Rarest domestic horse hybrid
- Who
- Horse x (donkey x zebra) hybrid
- What
- 1 total number
- Where
- United Kingdom (London)
- When
- 1800s
The rarest horse hybrid was a unique three-species specimen documented as follows by none other than Charles Darwin in his book The Variation of Animals and Plants Under Domestication (1868): "Many years ago I saw in the Zoological Gardens [of London] a curious triple hybrid, from a bay mare, by a hybrid from a male ass and female zebra. This animal when old had hardly any stripes; but I was assured by the superintendent, that when young it had shoulder-stripes, and faint stripes on its flanks and legs. I mention this case more especially as an instance of the stripes being much plainer during youth than in old age". This triple hybrid's father was thus a fertile male donkra (male donkey x female zebra hybrid), a great rarity in itself.

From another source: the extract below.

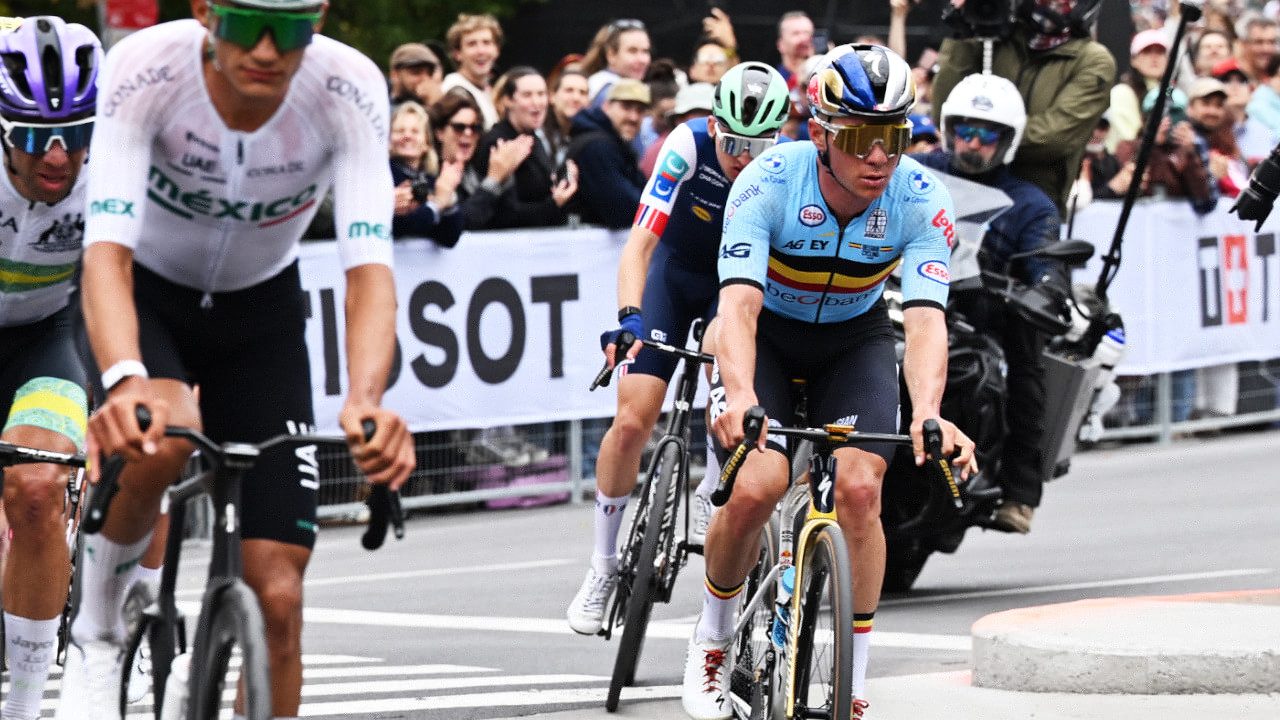 Evenepoel, il grande sconfitto ai Mondiali di ciclismo: i messaggi sulle borracce non hanno funzionato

Because male donkras are normally sterile, some researchers have questioned whether the triple hybrid was truly a three-species hybrid, claiming that its father couldn't have been a bona fide crossbreed. However, a spontaneous mutation might have resulted in such a rare individual, just as although tortoiseshell cats are usually female because of the condition being sex-linked, rare spontaneous mutations can occasionally create male tortoiseshell cats.